Source material >>

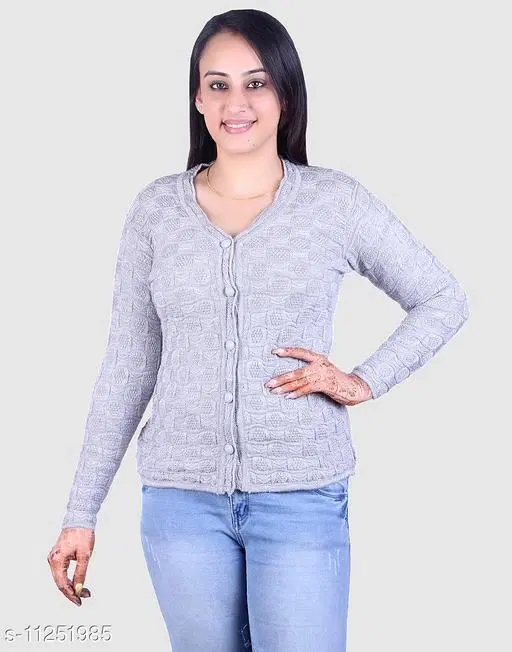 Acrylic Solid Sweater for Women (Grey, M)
==
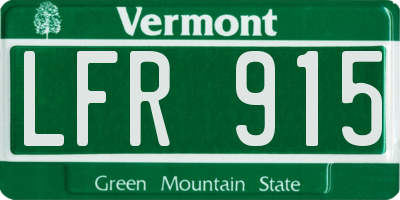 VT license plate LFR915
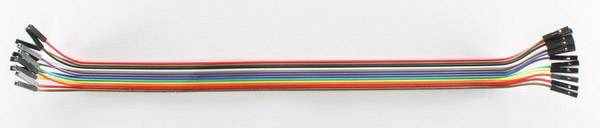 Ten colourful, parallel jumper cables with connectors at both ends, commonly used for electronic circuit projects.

Work order >>
Exact copy, pictures excluded: every line above from the one containing "VT license plate LFR915" to the one containing "Ten colourful, parallel", inclusive, and nothing more.

Finished task >>
 VT license plate LFR915
 Ten colourful, parallel jumper cables with connectors at both ends, commonly used for electronic circuit projects.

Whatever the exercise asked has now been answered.